The inspector found mold in showers and food preparation areas, sinks and lights that didn’t work, a hole in a cell wall and exposed electrical wires. Jailers were cited for not giving inmates enough exercise time and not following other regulations.
“I agree with the findings 100%,” Dickson said. “I demanded that we fix the problems and I told the staff that I would not tolerate that it would be like it was.”
He put procedures in place to quickly make repairs in the jail and now has standards tougher than what the state requires.
When the jail passed its re-inspection in January, he thanked “all of the Cherokee County Sheriff’s Office jail staff for working hard every day to improve our facility.”
Dickson is still dealing with the toughest test of his administration. On the night of Jan. 14, one of his deputies shot and killed a man outside a house.
“While on routine patrol Cherokee County Sheriff Office patrol deputies encountered a vehicle on a property located off of CR 1111 (in the Atoy community),” Dickson said in a news release. “The property was on extra patrol for reoccurring burglaries. Deputies attempted to make contact with the (two) individuals on the property and an incident occurred.”
One of the deputies shot to death 26-year-old Justin Pegues, of Jacksonville. The other man, 35-year-old Anthony Brooks, of Rusk, was charged with criminal trespass.
What happened leading up to the shooting has not been made public and the deputy who fired the fatal shot has not been identified. The Texas Rangers are investigating the shooting.
“This office will refrain from further comment so that nothing interferes with the Texas Rangers’ investigation,” Dickson said.
Pressed for more details two weeks later, Dickson told KETK his office is cooperating with the Texas Rangers. The findings of the investigation will be presented to a grand jury probably within a few months, Dickson said at the time.
The grand jury will determine whether the deputies should be charged with a crime.
Dickson said dealing with the shooting death has been difficult.
His faith and family get him through trying times, he said. “I rely on the Lord.
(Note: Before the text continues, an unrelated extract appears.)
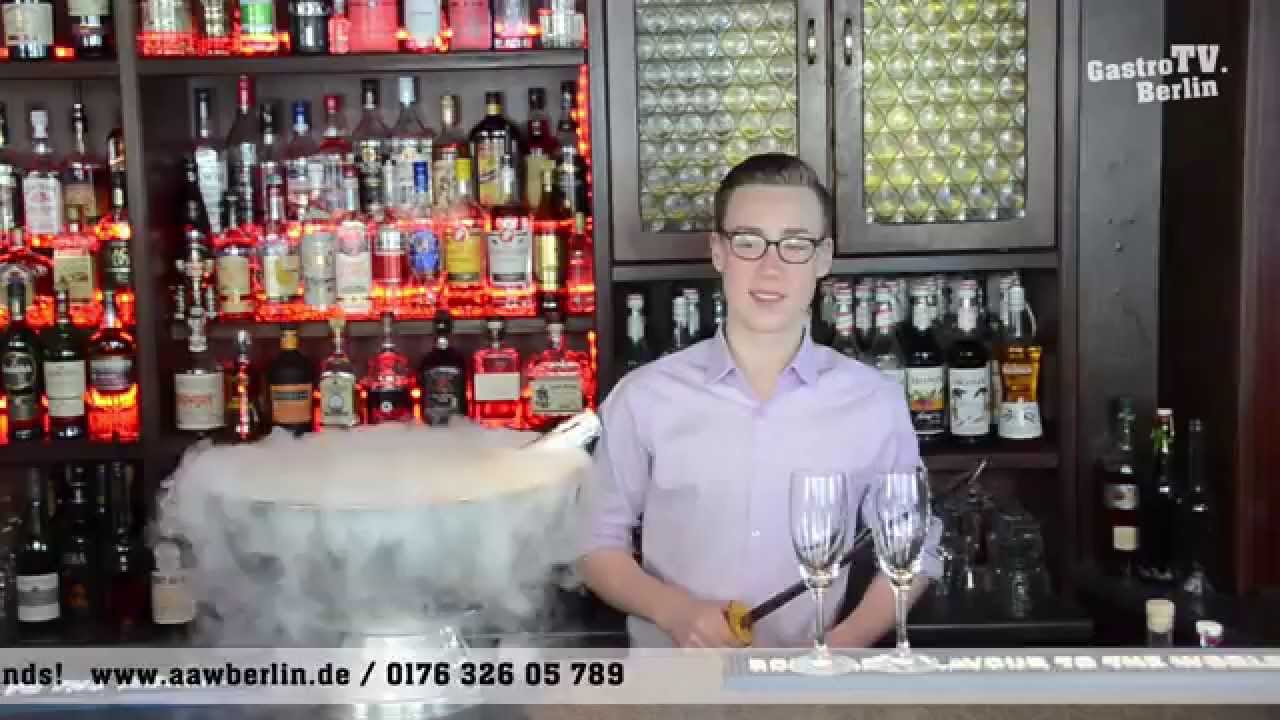 Barkeeper Ausbildung Berlin Sabrieren Crémant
I pray. He (God) helps me through my daily struggles.”
Dickson also turns to a man who can be brutally honest about the challenges of being sheriff – a man who has his best interest at heart and he can rely on for support when he needs it most.
“I’m still turning to my Dad for advice,” Dickson said after months on the job. “I talk to him on a daily basis.”
When his time in office ends, Dickson wants to be remembered as a sheriff who cared about others.
“I want people to know that I made a difference … that I made Cherokee County a better place.”